J'ai tendu l'oreille, lu de nombreux conseils et rencontré des amis bien intentionnés qui avaient tous des conseils géniaux pour garder ma forme sans mettre de poids sur ma cheville. D'abord, la natation. Rien de mieux pour faire pomper un cœur au max! C'est vrai. Mais je suis un nageur très très ordinaire qui n'a surtout pas le temps de se mettre à la recherche d'une piscine avec des couloirs pour y faire des longueurs. Et le bonnet de bain qui me donne une tête d'œuf, très peu pour moi.

J'ai essayé de tourner en rond dans ma petite piscine hors terre chez moi. Je démarrais ma Garmin 735 pour connaître ma distance, mes chronos et mes battements cardiaques. Mais j'obtenais seulement un gros tracé rouge imprécis en forme de point sur une carte. Les satellites semblaient se demander qui était l'hurluberlu qui dansait de la sorte. Mon cœur battait fort, mais pour le plaisir, on repassera!

J'ai installé mon vélo stationnaire devant mon cinéma maison et je me suis mis à pédaler en écoutant la télé. Très agréable de regarder les Alouettes ou la F1 à RDS, mais difficile d'apprécier l'action lorsqu'on pédale sans avancer. Ce vélo devient rapidement ennuyeux après une dizaine de journées de suite assises sur sa selle. Et le vent et le soleil me manquaient. Non ce n'était pas pour moi.

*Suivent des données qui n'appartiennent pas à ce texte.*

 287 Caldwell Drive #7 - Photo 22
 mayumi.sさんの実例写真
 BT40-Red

Pourtant, c'est avec ce vieux vélo stationnaire que je parvenais à brûler le plus de calories et à faire travailler mon cœur. L'équation était facile à faire et j'ai alors pris une grande décision: celle de sortir de mon cabanon mon vélo Peugeot Urbano acheté en 1984 et faire de la route. Frédéric Plante

Ce vélo semble être le seul que j'ai toujours eu. Je me l'étais procuré à Québec lors de mes études au secondaire en utilisant une bonne partie de mes économies. Une tante, férue de cyclisme, m'avait conseillé d'investir dans quelque chose de bon, mais qui me durerait longtemps. Elle avait raison.

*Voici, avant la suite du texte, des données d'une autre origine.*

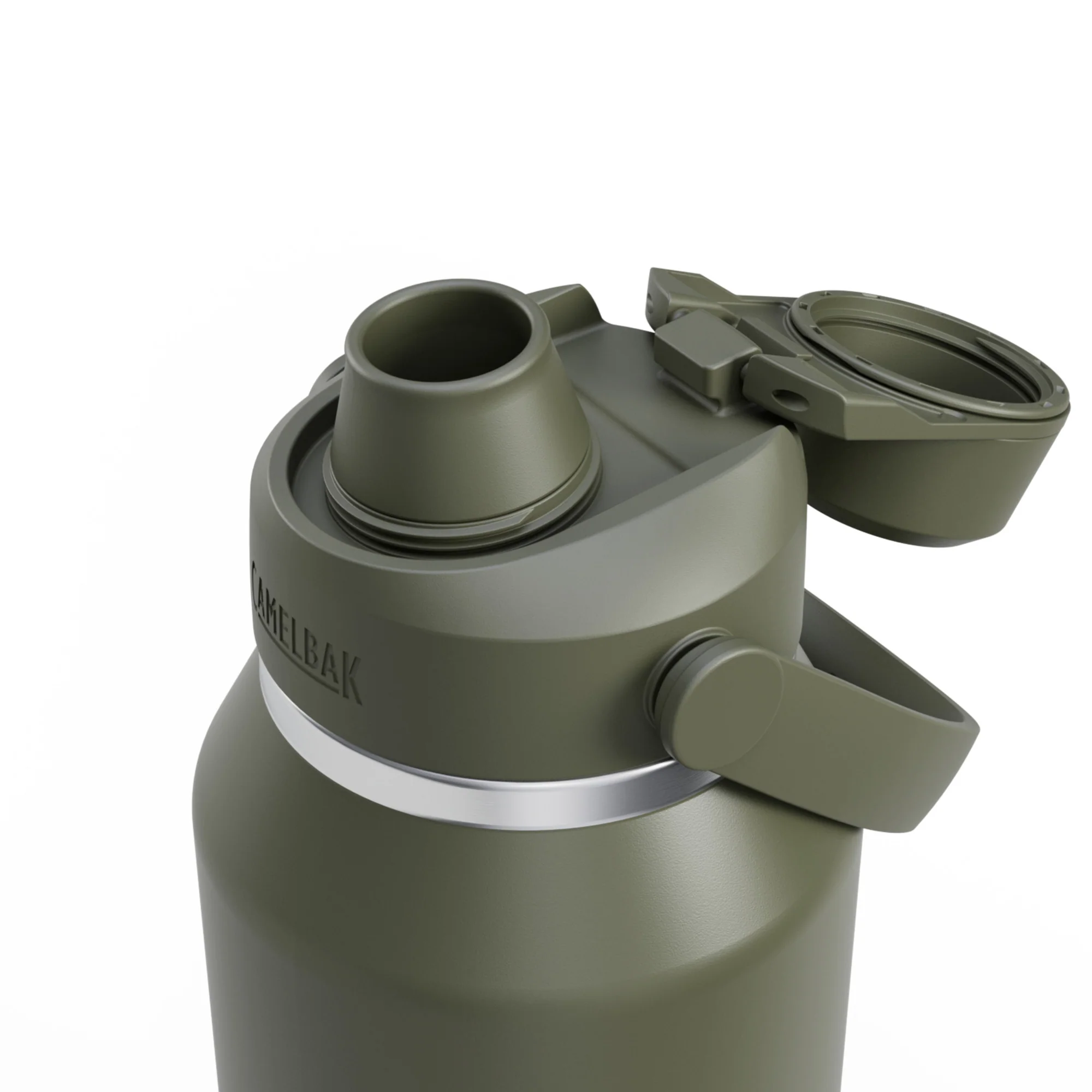Thrive Chug Insulated Stainless Steel - Image 18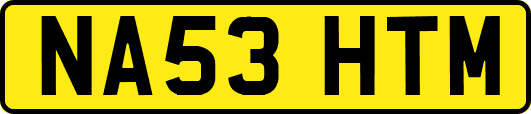 NA53HTM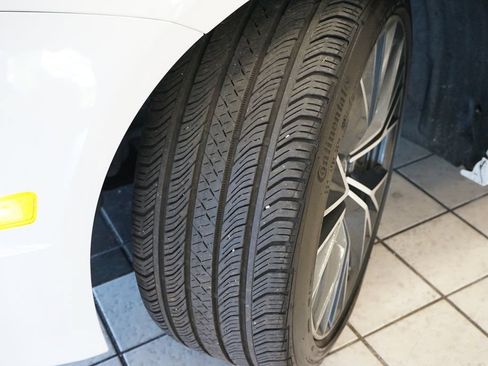 Used 2018 Audi A7 3.0T Prestige AWD/4WD image 62
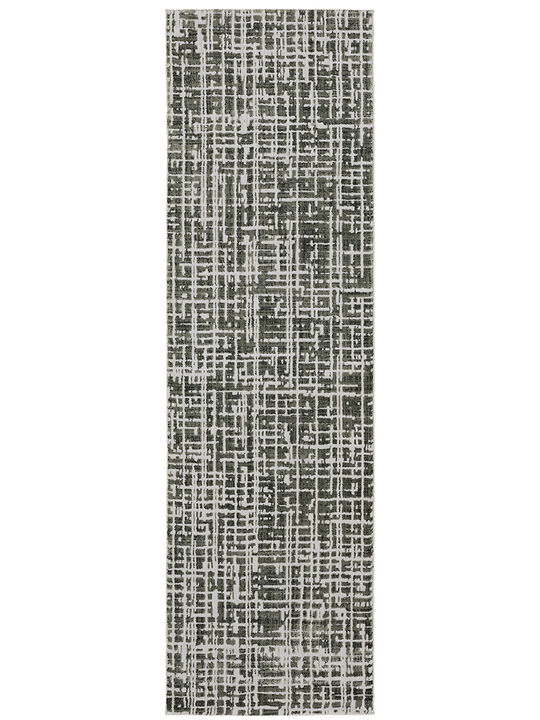 Bowen 2066W Collection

Chaque année, lorsque je fais faire la mise au point de ce vélo qui me permet de parcourir tout au plus quelques centaines de kilomètres avec ma famille, je vois l'hésitation sur le visage des jeunes spécialistes et le respect sur celui des plus âgés. « Oh! Un Peugeot Urbano ISS 550. Il ne s'en fait plus des comme ça. »

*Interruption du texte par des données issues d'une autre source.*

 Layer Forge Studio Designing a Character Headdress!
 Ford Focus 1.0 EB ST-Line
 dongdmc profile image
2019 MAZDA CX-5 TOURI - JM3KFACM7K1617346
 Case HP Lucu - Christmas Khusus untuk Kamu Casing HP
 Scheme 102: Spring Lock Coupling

Mais allait-il tenir le coup? Serait-il assez solide pour me permettre de pédaler à un bon rythme pratiquement tous les jours?

La réponse est oui! À mon grand étonnement, je monte quotidiennement, tel un chevalier sur sa monture, sur mon vieux vélo depuis un mois et il me transporte partout. Je ne sais pas ce que ça vaut, mais je maintiens une moyenne de 29-30 km/h sur mon fier destrier dans les rues de ma ville. En ligne droite, je m'étonne de mes pointes de vitesse à près de 40 km/h avec un petit vent de dos. J'ai toujours hâte d'arriver à la maison pour consulter les statistiques sur ma montre Garmin.

Mes sorties en vélo me permettent exactement d'atteindre le but que je m'étais fixé, à savoir celui de me faire pomper le cœur. J'ignore quel est le facteur d'équivalence entre la course à pied et le vélo pour les calories brûlées, mais à l'œil, je vous dirais qu'une heure de vélo intense vaut une bonne course d'une quarantaine de minutes. Certains d'entre vous seront peut-être en mesure de me le dire plus exactement.

J'ai très hâte de recommencer à courir. Mais j'aurai retenu une bonne leçon de cette pause. Celle de l'importance de varier les sports pratiqués pour éviter les blessures. Dorénavant, le vélo fera partie de mon entraînement. Les tendons de ma cheville droite seront moins sollicités .

Reste à savoir si je continuerai d'utiliser mon antiquité sur deux roues, ou si je m'équiperai d'un engin capable de faire le tour de France.  Entre-temps, si vous voyez passer un cycliste portant des vêtements pour joggeur, mais filant à toute allure sur une fusée d'un autre âge ne vous surprenez pas. C'est juste un gars qui essaie de garder la forme. Un imposteur du vélo!